__Data for review__
◇ ◇ ◇
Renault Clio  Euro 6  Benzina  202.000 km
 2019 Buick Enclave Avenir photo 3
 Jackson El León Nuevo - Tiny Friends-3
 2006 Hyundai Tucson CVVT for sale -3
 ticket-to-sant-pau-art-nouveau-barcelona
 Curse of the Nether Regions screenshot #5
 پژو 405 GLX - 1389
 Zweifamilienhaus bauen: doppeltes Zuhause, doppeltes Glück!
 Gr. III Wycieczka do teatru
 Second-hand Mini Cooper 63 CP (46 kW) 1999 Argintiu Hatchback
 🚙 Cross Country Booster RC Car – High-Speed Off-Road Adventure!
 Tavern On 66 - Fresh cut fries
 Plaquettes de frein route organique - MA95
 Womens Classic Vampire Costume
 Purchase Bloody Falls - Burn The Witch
◇ ◇ ◇
__Work request__
Copy, word for word, the line that contains "Tavern On 66 - Fresh cut fries" and every line after it through the end of the records, and nothing else.

__Response to the task__
 Tavern On 66 - Fresh cut fries
 Plaquettes de frein route organique - MA95
 Womens Classic Vampire Costume
 Purchase Bloody Falls - Burn The Witch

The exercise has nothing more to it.